AIM OF THE EXERCISE:
The listing below should be printed again word for word, without any images.

SOURCE RECORDS:
------------------------------------

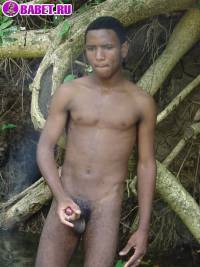порно фото Скучный гей голый на реке 10 afro gey 70.jpg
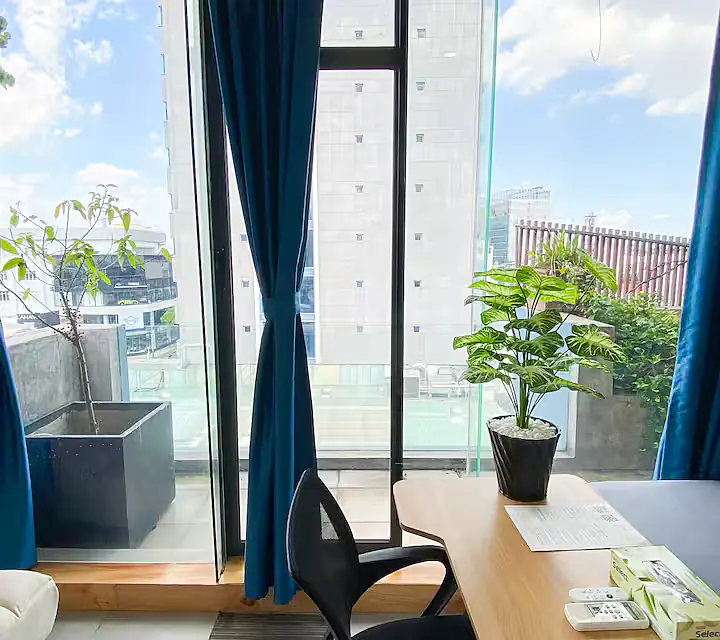 Balcony Room Fast Wifi & Laundry | 7 mins to Airpt - 5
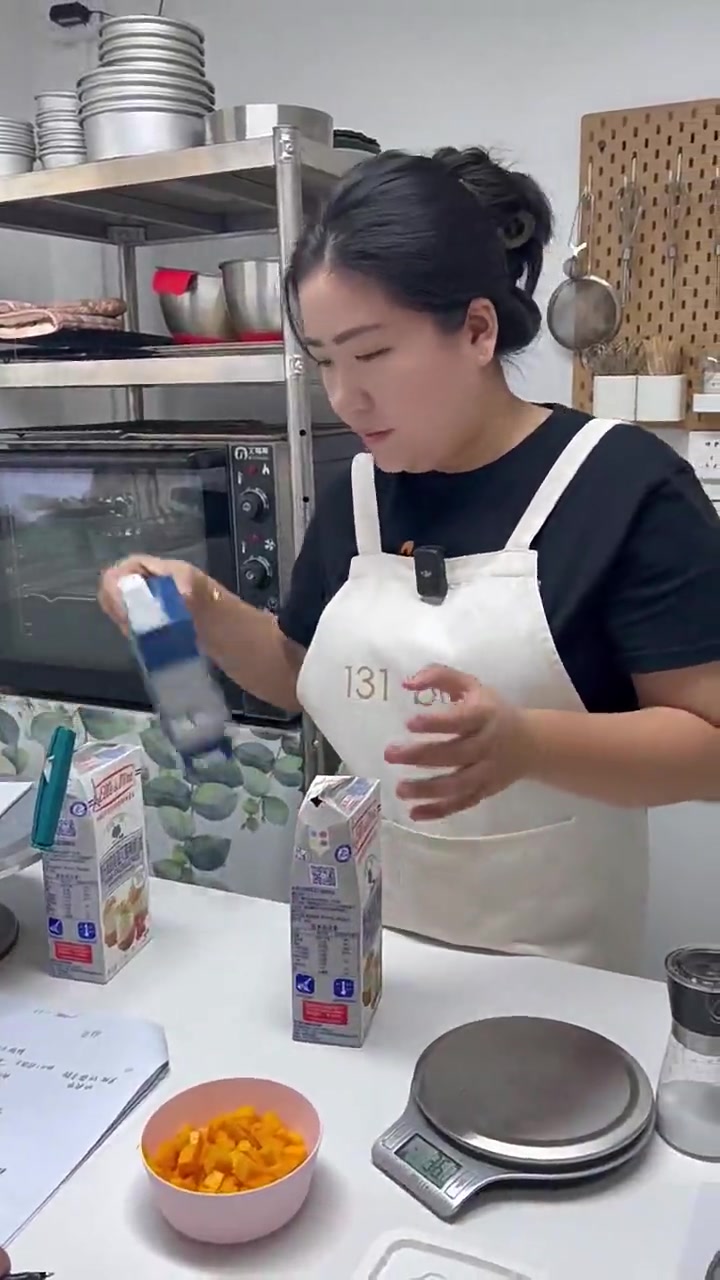 安佳铁塔淡奶油区别加打发,很详细的教程!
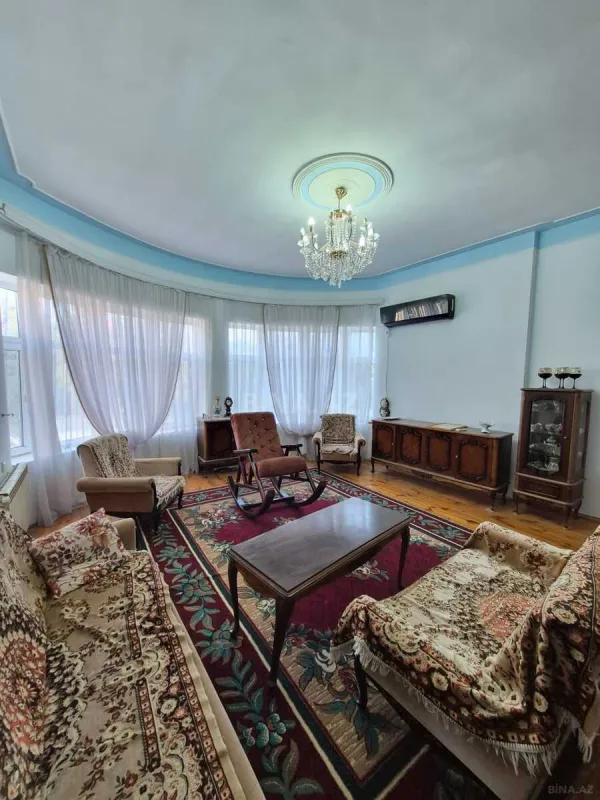 Satılır 9 otaqlı həyət evi 310 m²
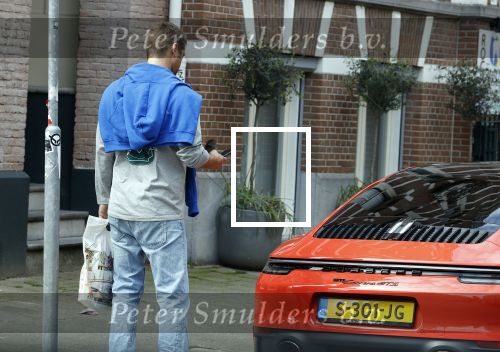 Amsterdam 12 mei 2023
Manuel Broekman fotografeert een porsche 911.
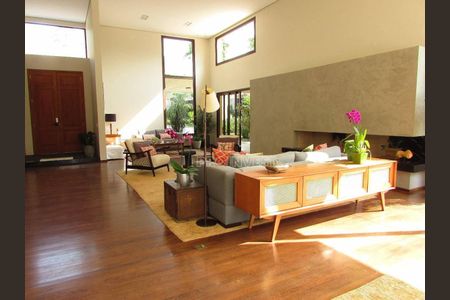 5_photo/94cf000743.ae537c11cfa6cc3a-ATLAS-d8ebb17e-1c8f-4e74-8616-1bf722880491.jpg de casa à venda com 4 quartos, 1000m² em Chácara do Refúgio, Carapicuíba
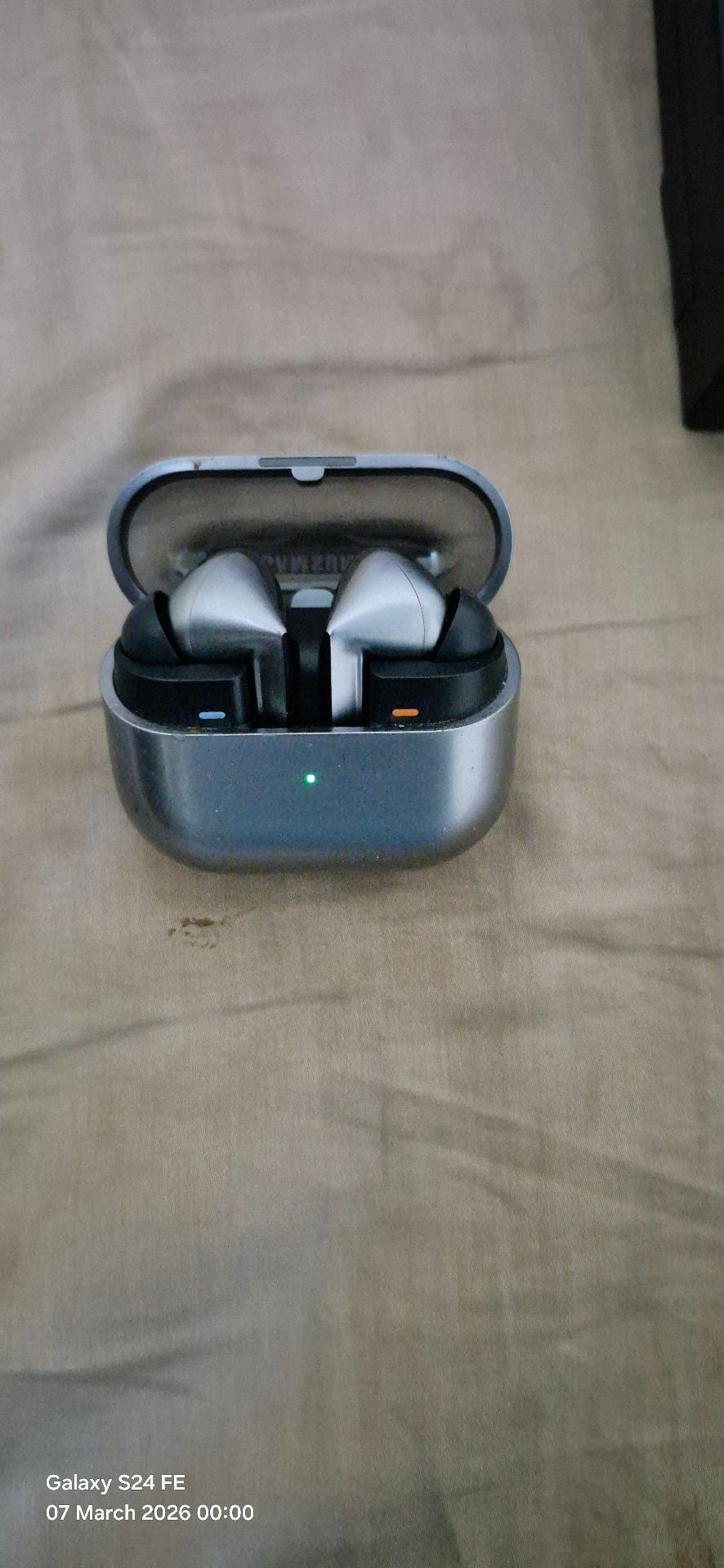 Samsung galaxy s24 ultra with galaxy buds pro 3 - Image 4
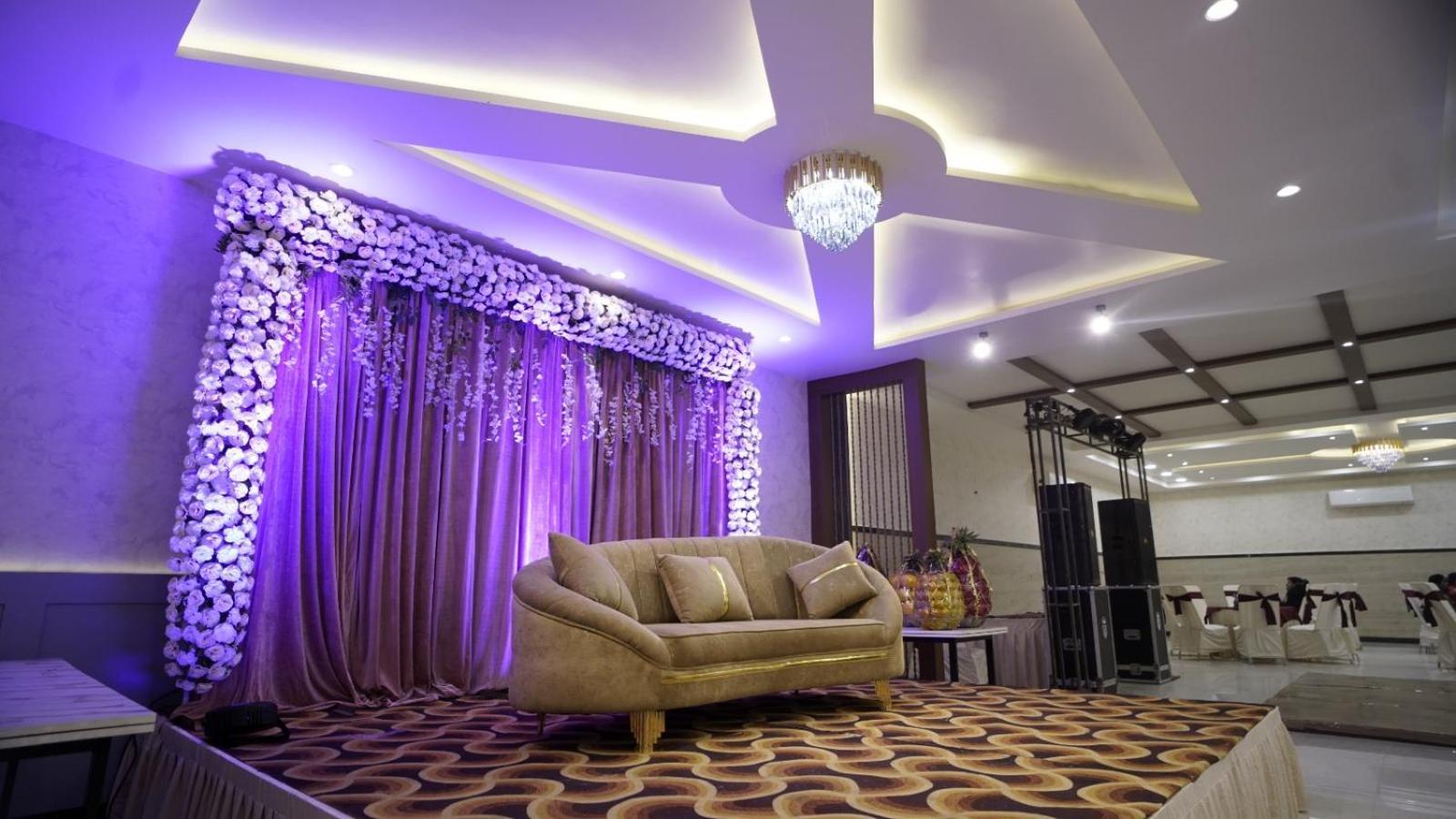 The Imperial Hotel And Convention Centre Kanpur Extérieur photo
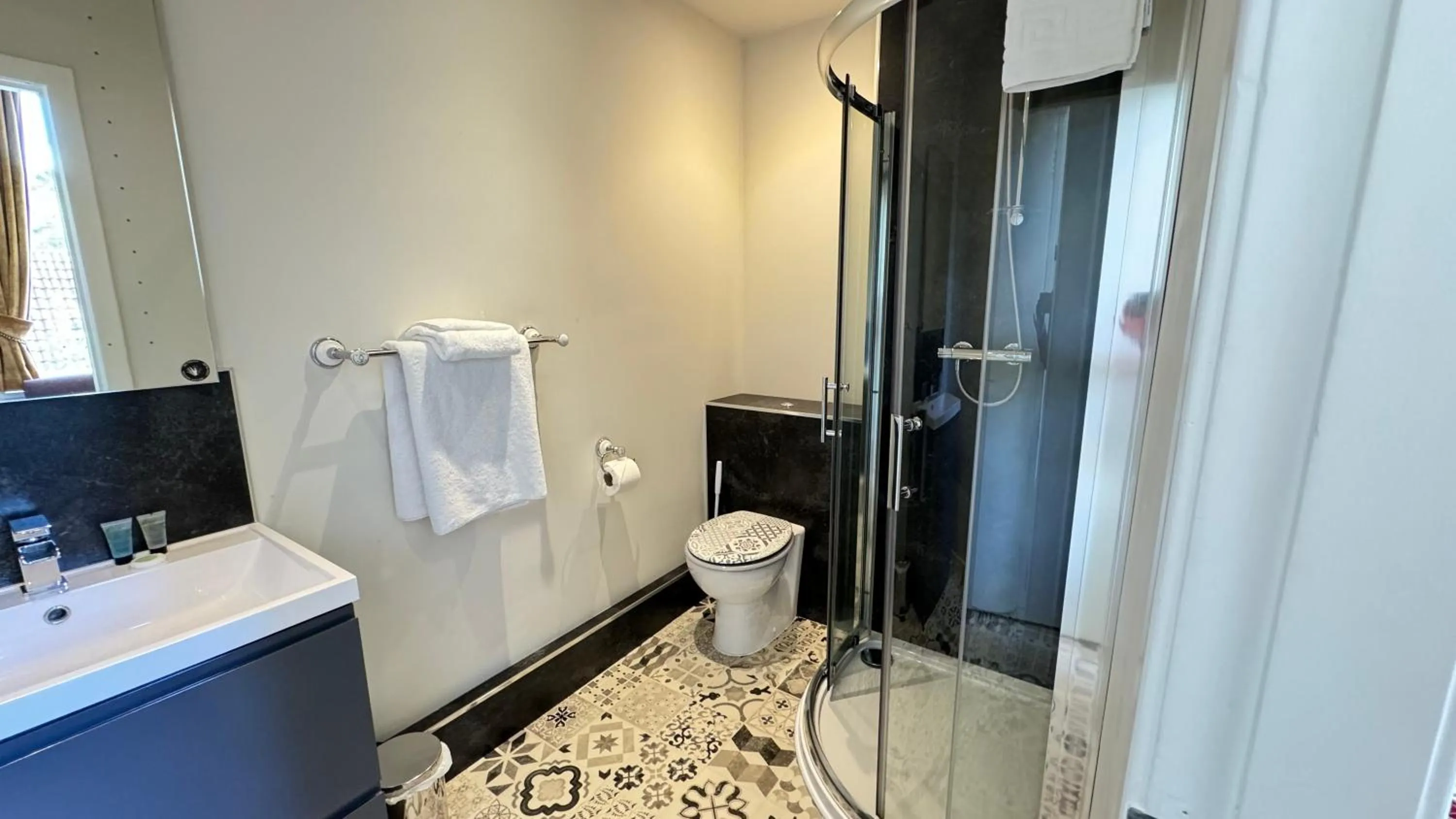 Property building in Invernairne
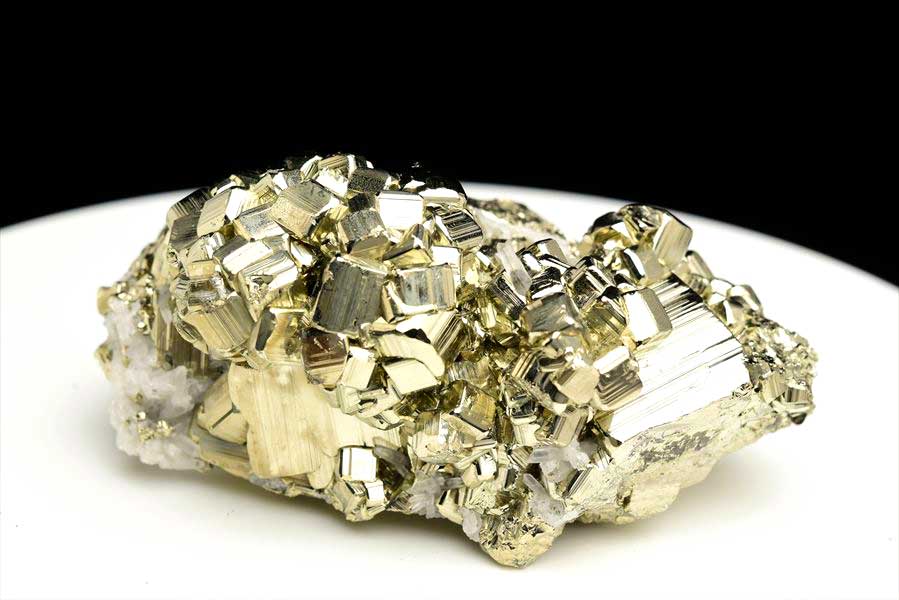 ペルー産　ワンサラ　パイライト　原石　クラスター　黄鉄鉱　Huanzala Huallanca Pyrite　天然石　パワーストーン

------------------------------------

OUTPUT OF THE TASK:
порно фото Скучный гей голый на реке 10 afro gey 70.jpg
 Balcony Room Fast Wifi & Laundry | 7 mins to Airpt - 5
 安佳铁塔淡奶油区别加打发,很详细的教程!
 Satılır 9 otaqlı həyət evi 310 m²
 Amsterdam 12 mei 2023
Manuel Broekman fotografeert een porsche 911.
 5_photo/94cf000743.ae537c11cfa6cc3a-ATLAS-d8ebb17e-1c8f-4e74-8616-1bf722880491.jpg de casa à venda com 4 quartos, 1000m² em Chácara do Refúgio, Carapicuíba
 Samsung galaxy s24 ultra with galaxy buds pro 3 - Image 4
 The Imperial Hotel And Convention Centre Kanpur Extérieur photo
 Property building in Invernairne
 ペルー産　ワンサラ　パイライト　原石　クラスター　黄鉄鉱　Huanzala Huallanca Pyrite　天然石　パワーストーン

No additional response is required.